- [Data for the task]
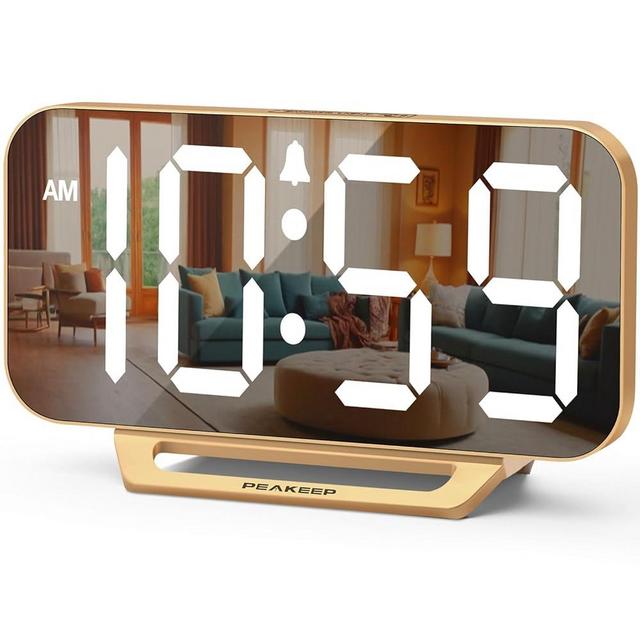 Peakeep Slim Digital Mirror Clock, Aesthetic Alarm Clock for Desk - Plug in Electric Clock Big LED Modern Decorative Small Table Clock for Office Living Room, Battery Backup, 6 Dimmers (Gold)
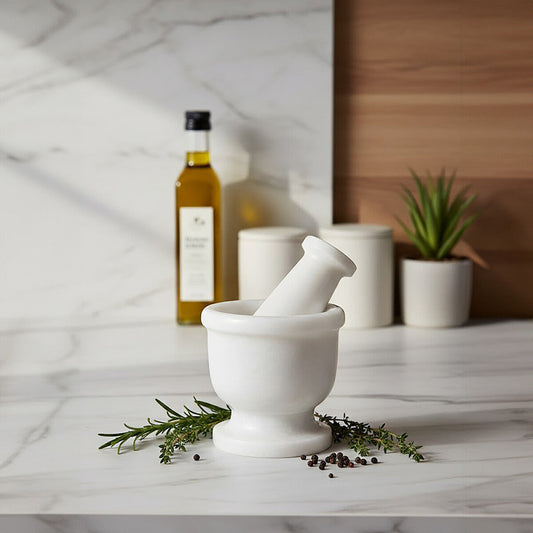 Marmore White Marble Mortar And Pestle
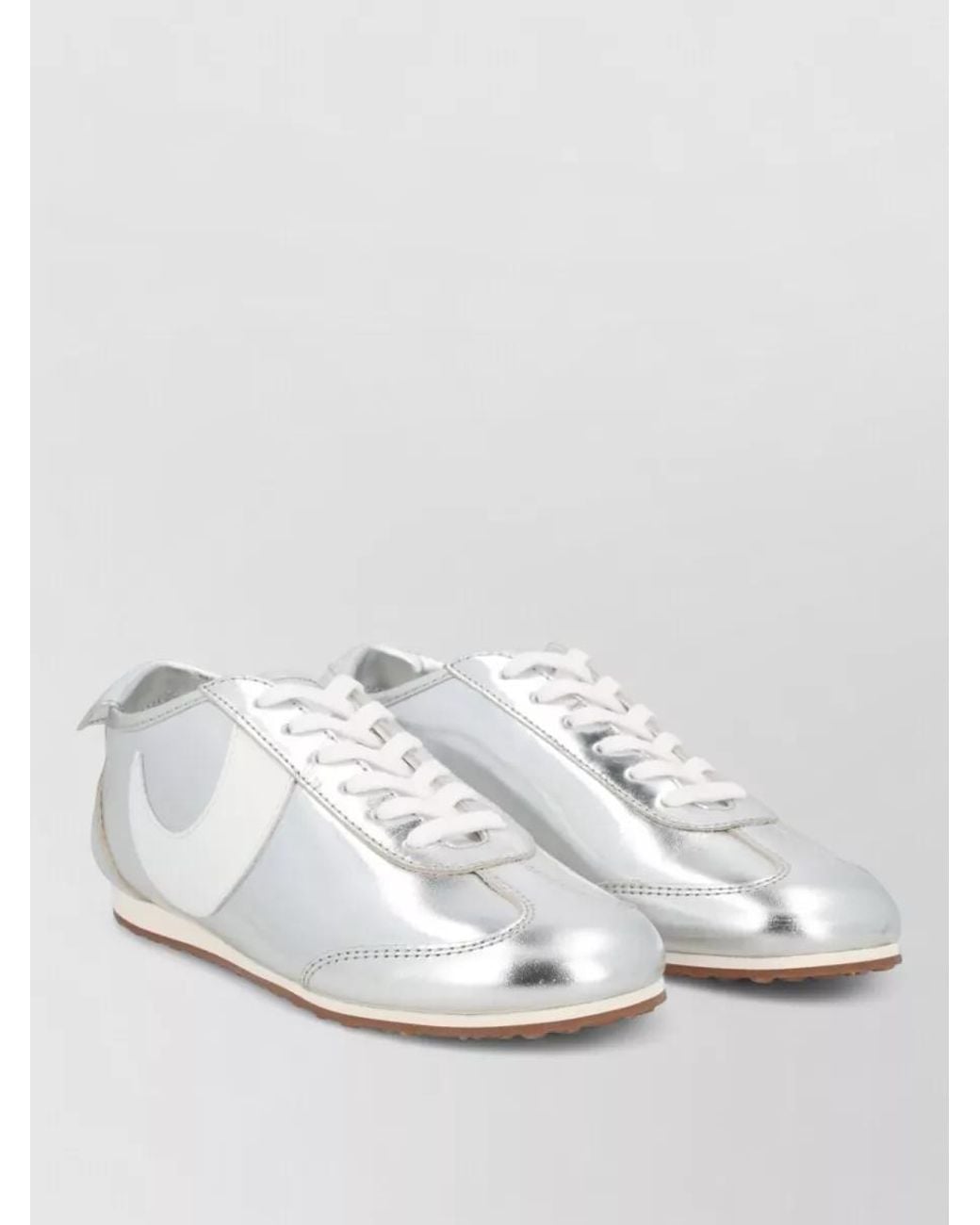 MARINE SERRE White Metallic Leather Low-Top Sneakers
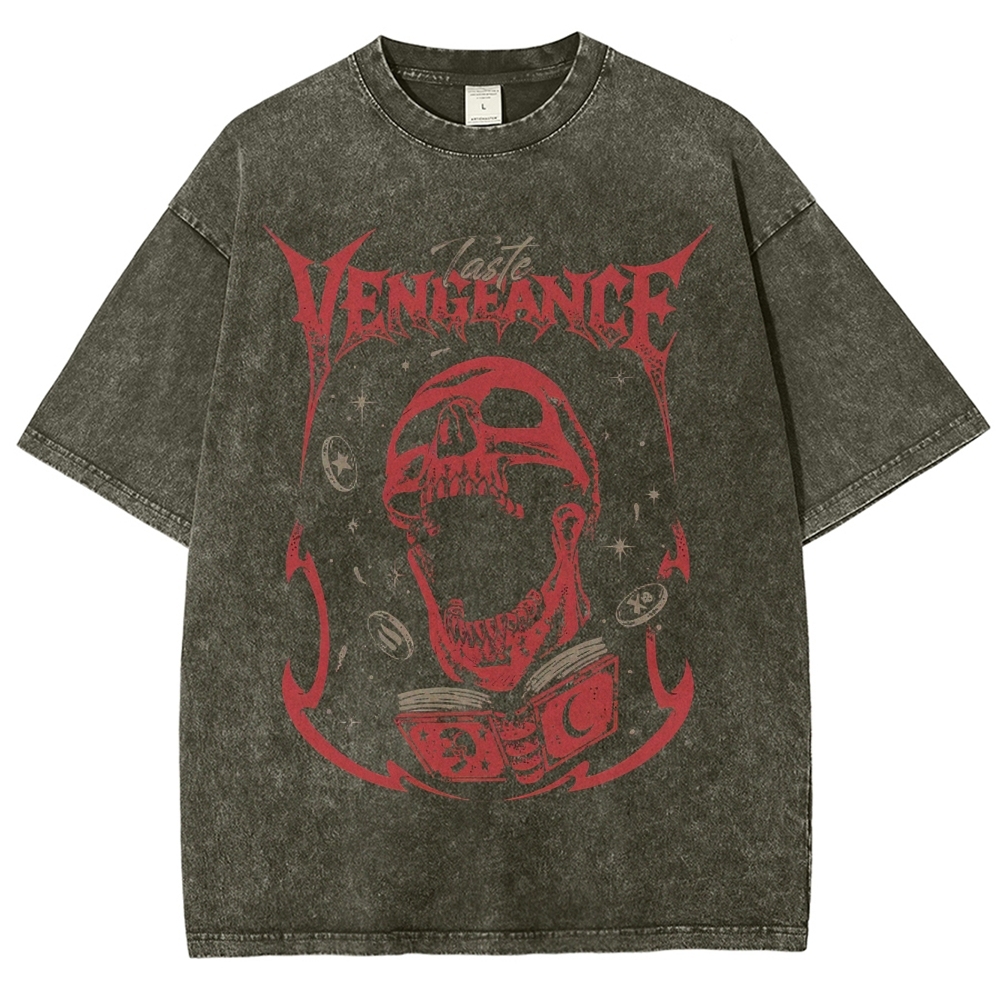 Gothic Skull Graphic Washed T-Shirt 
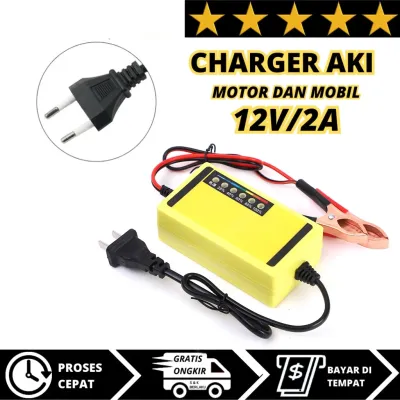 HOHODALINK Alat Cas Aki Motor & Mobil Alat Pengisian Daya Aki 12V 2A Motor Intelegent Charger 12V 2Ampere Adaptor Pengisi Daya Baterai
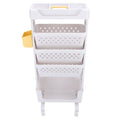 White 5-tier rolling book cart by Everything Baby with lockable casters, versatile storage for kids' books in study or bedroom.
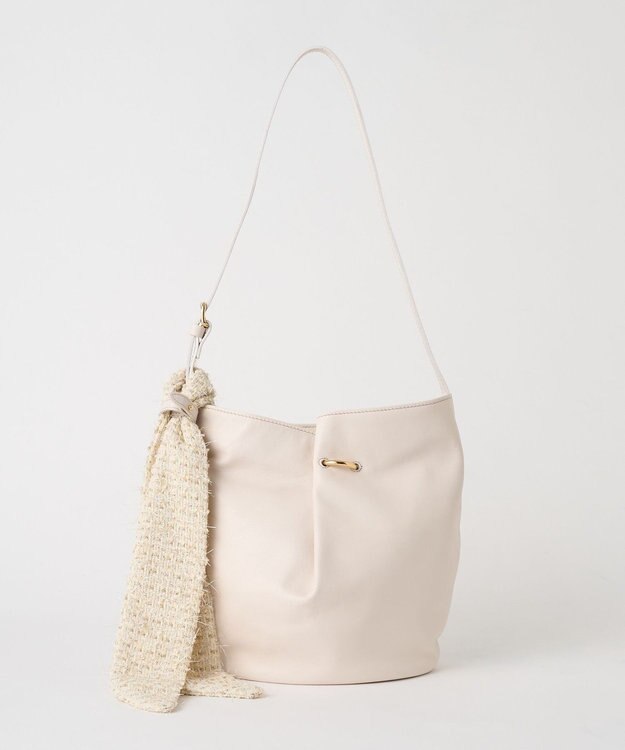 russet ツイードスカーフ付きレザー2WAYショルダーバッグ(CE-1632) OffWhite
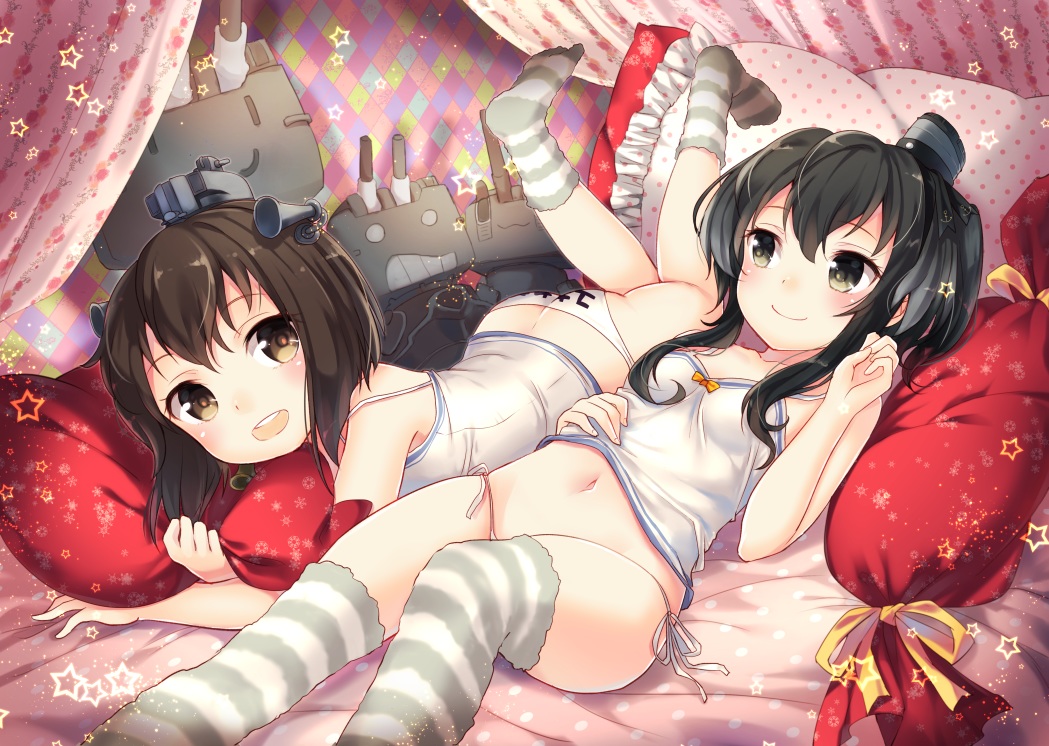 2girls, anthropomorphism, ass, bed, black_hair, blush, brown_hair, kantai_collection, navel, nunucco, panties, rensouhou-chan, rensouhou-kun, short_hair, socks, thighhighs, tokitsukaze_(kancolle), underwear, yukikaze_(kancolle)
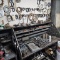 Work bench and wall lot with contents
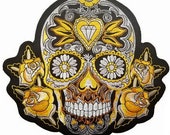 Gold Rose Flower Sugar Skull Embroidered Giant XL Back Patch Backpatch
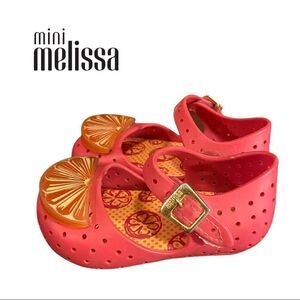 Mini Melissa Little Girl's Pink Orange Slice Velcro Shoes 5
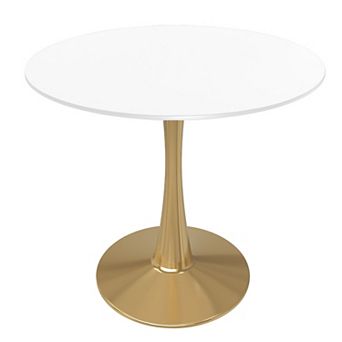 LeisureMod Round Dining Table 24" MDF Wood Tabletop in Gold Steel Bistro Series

- [What you have to do] For the entries above, the output must hold exactly the lines from the one with "Marmore White Marble Mortar And Pestle" through the last line, both included, and no pictures.

- [Answer below]
 Marmore White Marble Mortar And Pestle
 MARINE SERRE White Metallic Leather Low-Top Sneakers
 Gothic Skull Graphic Washed T-Shirt 
 HOHODALINK Alat Cas Aki Motor & Mobil Alat Pengisian Daya Aki 12V 2A Motor Intelegent Charger 12V 2Ampere Adaptor Pengisi Daya Baterai
 White 5-tier rolling book cart by Everything Baby with lockable casters, versatile storage for kids' books in study or bedroom.
 russet ツイードスカーフ付きレザー2WAYショルダーバッグ(CE-1632) OffWhite
 2girls, anthropomorphism, ass, bed, black_hair, blush, brown_hair, kantai_collection, navel, nunucco, panties, rensouhou-chan, rensouhou-kun, short_hair, socks, thighhighs, tokitsukaze_(kancolle), underwear, yukikaze_(kancolle)
 Work bench and wall lot with contents
 Gold Rose Flower Sugar Skull Embroidered Giant XL Back Patch Backpatch
 Mini Melissa Little Girl's Pink Orange Slice Velcro Shoes 5
 LeisureMod Round Dining Table 24" MDF Wood Tabletop in Gold Steel Bistro Series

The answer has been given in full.